▶ **GIVEN ENTRIES**
╔══

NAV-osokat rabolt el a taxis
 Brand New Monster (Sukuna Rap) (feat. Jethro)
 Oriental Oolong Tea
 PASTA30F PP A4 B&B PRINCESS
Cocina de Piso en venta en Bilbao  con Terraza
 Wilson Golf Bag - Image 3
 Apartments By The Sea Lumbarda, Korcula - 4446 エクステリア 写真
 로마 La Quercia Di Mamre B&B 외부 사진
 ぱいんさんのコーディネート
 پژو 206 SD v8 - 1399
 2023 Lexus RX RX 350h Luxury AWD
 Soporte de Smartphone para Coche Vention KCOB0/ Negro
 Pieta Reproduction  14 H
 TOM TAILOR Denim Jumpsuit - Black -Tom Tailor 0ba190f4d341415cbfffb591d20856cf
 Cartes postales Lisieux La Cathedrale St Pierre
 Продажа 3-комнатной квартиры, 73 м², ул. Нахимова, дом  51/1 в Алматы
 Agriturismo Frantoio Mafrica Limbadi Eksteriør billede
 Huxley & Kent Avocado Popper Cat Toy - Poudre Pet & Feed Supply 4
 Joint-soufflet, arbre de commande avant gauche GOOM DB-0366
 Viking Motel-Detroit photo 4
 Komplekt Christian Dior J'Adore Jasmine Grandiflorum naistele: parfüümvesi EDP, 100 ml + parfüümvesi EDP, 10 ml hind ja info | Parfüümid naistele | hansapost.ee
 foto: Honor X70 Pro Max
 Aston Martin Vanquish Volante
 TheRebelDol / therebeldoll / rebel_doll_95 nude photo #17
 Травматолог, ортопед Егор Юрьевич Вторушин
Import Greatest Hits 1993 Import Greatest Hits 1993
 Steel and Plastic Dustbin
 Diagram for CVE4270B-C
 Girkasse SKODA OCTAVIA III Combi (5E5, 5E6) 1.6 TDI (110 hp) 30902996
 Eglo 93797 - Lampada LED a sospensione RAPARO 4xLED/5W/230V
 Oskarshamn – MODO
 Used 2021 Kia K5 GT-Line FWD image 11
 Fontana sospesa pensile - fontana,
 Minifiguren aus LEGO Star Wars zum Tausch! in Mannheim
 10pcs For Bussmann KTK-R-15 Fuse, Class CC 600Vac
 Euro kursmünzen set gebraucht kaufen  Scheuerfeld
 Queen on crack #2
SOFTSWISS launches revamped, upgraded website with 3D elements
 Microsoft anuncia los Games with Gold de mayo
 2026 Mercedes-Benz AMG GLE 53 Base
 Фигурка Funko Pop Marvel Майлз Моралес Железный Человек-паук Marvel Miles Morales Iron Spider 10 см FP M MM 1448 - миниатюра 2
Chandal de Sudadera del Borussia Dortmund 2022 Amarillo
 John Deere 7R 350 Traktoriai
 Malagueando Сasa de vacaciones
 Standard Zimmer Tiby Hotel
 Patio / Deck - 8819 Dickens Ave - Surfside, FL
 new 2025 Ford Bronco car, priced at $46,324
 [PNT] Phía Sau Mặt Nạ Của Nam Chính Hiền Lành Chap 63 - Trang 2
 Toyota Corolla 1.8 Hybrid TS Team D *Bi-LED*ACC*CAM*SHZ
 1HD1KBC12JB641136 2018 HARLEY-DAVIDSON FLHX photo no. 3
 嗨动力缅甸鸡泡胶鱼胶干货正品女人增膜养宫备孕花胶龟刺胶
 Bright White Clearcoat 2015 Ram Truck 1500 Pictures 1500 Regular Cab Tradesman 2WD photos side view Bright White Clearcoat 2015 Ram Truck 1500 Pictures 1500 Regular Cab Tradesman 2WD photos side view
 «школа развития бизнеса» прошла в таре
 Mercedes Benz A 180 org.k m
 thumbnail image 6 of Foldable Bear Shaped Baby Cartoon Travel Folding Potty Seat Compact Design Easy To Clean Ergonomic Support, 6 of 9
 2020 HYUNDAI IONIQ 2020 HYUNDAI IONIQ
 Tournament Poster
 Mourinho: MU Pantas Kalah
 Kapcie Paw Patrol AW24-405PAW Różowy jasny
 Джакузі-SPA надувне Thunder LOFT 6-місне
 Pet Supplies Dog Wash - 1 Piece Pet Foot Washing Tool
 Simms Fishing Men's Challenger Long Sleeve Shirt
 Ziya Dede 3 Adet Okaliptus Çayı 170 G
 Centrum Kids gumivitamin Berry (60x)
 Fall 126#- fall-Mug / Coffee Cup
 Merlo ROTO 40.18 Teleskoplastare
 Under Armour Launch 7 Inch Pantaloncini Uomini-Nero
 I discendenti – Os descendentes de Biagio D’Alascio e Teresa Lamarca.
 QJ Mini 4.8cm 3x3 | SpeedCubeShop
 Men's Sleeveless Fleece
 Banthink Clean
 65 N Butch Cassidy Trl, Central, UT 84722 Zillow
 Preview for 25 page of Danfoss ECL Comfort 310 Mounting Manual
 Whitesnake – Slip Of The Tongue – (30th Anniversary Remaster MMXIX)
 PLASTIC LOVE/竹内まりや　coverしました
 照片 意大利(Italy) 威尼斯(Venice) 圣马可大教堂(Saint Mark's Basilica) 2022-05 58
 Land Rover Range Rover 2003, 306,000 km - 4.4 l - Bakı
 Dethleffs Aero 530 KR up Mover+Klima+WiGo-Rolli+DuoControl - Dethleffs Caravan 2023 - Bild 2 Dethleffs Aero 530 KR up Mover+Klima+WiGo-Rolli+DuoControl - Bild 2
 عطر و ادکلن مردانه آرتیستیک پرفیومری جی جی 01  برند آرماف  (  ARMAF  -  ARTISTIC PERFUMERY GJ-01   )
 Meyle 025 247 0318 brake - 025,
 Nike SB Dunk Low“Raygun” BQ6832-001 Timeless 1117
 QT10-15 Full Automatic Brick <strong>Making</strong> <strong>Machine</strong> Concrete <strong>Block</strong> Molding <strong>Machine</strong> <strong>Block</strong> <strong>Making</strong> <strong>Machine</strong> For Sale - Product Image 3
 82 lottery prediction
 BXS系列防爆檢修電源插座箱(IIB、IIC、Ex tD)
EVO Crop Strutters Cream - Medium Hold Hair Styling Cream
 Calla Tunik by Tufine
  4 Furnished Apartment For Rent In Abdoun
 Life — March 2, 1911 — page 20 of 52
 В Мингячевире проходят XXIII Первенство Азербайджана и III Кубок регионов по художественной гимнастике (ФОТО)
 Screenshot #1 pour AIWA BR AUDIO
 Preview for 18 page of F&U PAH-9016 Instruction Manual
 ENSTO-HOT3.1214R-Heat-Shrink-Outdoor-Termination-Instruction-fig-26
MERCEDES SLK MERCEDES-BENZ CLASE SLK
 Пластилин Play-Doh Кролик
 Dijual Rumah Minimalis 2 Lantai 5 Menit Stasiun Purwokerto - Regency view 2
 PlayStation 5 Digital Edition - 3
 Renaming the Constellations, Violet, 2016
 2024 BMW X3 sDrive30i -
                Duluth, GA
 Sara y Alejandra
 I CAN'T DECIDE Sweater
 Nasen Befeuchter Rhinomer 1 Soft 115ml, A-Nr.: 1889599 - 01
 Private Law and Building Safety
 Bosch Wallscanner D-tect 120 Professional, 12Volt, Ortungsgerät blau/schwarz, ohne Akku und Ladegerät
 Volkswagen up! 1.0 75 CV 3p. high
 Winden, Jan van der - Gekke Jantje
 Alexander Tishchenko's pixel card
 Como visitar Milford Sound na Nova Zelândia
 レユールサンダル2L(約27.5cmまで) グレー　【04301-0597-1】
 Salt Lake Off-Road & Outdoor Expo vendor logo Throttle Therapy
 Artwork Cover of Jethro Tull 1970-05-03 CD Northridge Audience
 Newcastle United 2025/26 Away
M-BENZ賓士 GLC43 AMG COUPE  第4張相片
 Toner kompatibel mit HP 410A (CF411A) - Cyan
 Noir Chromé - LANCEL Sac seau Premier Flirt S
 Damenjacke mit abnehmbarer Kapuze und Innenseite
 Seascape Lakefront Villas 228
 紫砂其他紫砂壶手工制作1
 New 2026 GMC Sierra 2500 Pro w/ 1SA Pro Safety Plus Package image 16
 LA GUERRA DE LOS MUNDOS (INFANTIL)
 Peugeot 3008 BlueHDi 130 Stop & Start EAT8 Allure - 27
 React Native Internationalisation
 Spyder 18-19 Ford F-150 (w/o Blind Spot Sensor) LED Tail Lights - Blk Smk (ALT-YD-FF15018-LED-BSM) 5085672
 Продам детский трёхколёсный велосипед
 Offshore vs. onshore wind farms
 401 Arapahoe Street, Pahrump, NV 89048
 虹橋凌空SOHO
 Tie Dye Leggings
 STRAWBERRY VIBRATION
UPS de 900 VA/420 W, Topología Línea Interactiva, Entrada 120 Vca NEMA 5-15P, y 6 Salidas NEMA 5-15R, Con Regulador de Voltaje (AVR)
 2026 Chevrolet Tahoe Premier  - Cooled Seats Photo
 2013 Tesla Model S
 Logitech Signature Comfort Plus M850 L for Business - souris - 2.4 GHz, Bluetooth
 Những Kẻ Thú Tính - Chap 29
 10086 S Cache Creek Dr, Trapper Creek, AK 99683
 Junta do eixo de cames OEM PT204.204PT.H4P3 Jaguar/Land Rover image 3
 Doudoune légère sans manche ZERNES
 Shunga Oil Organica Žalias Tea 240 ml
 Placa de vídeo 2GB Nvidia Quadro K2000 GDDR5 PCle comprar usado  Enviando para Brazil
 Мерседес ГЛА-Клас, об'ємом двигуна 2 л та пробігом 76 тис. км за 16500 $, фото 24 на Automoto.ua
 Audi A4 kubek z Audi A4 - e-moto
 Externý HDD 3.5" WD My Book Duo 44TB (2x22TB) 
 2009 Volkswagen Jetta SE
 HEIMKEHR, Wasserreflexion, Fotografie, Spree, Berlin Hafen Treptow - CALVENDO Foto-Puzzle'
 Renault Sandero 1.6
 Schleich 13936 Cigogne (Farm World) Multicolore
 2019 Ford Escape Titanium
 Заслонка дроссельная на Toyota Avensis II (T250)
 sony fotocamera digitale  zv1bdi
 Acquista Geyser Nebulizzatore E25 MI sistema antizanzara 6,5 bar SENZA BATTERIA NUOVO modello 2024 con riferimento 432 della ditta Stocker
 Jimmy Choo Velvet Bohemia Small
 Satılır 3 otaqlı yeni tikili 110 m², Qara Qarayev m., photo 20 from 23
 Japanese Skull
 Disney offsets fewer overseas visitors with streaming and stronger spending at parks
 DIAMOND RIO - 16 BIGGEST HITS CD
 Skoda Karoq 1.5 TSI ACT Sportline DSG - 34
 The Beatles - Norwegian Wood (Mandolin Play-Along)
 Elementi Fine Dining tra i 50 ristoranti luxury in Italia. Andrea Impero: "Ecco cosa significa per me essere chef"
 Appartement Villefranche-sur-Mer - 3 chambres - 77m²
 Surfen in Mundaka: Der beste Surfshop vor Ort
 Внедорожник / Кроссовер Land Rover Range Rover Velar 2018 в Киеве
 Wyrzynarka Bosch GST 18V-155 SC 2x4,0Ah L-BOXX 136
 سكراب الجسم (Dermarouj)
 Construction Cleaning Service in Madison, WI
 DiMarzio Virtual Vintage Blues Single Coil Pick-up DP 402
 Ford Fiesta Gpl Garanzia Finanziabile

╚══

▶ **EXERCISE**
Whenever a line above contains "Rover", copy that line.

▶ **EXPECTED OUTPUT**
 Land Rover Range Rover 2003, 306,000 km - 4.4 l - Bakı
 Junta do eixo de cames OEM PT204.204PT.H4P3 Jaguar/Land Rover image 3
 Внедорожник / Кроссовер Land Rover Range Rover Velar 2018 в Киеве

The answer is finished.